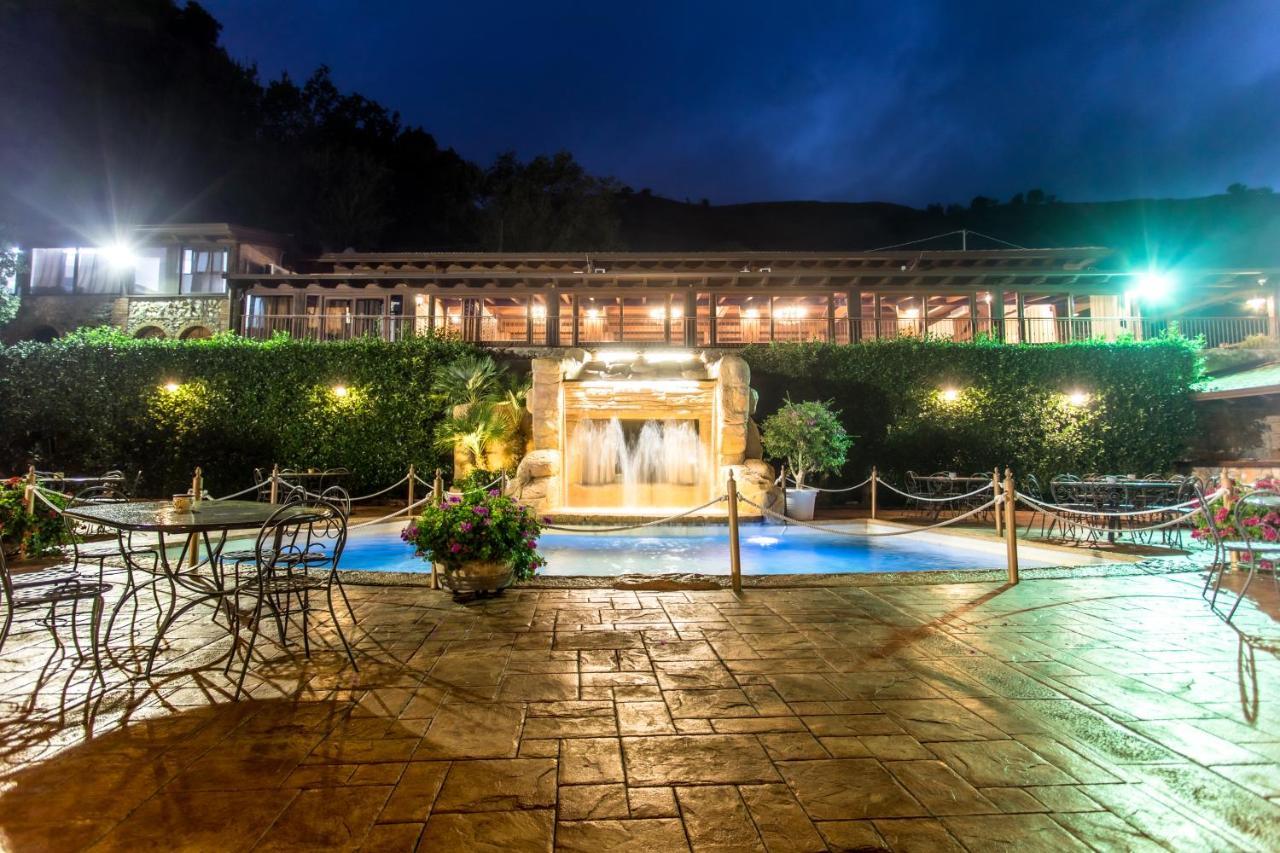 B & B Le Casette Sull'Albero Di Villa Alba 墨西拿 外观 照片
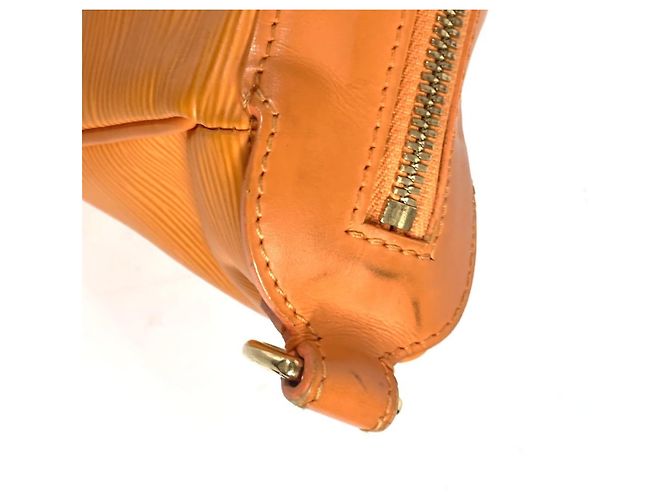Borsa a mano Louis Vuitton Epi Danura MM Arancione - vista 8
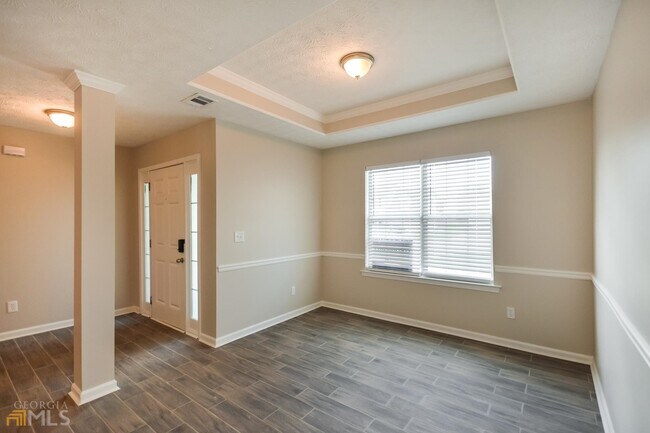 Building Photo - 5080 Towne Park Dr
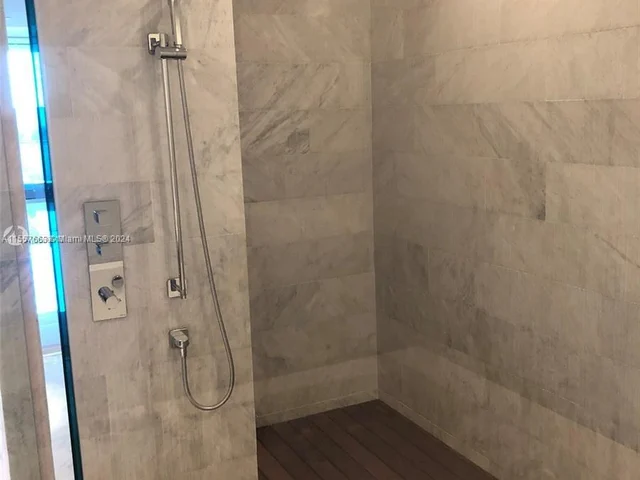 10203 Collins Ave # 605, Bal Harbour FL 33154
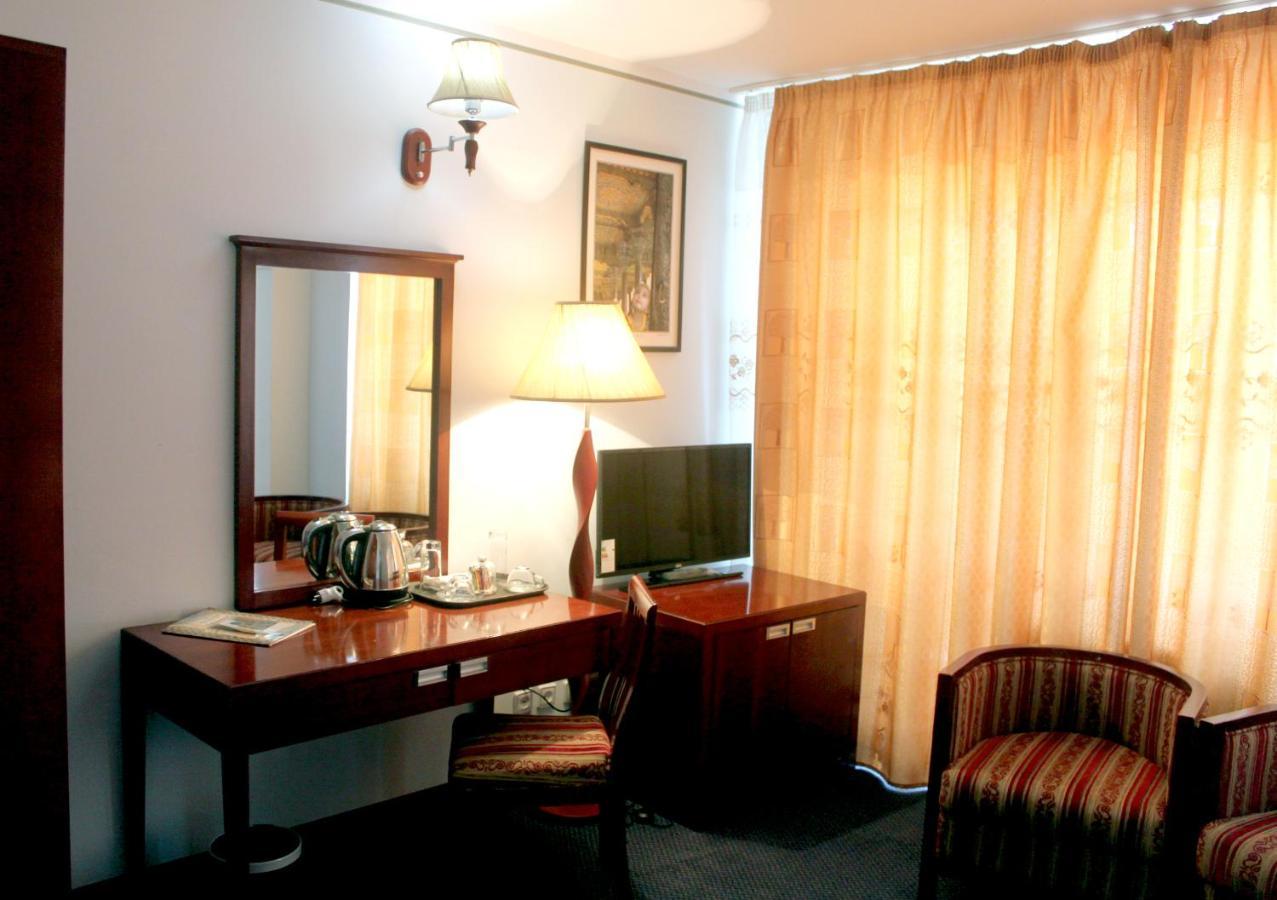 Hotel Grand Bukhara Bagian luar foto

····················

■ Task statement
Leaving out the pictures, reproduce the whole listing above exactly.

■ Result for this task
 B & B Le Casette Sull'Albero Di Villa Alba 墨西拿 外观 照片
Borsa a mano Louis Vuitton Epi Danura MM Arancione - vista 8
 Building Photo - 5080 Towne Park Dr
 10203 Collins Ave # 605, Bal Harbour FL 33154
 Hotel Grand Bukhara Bagian luar foto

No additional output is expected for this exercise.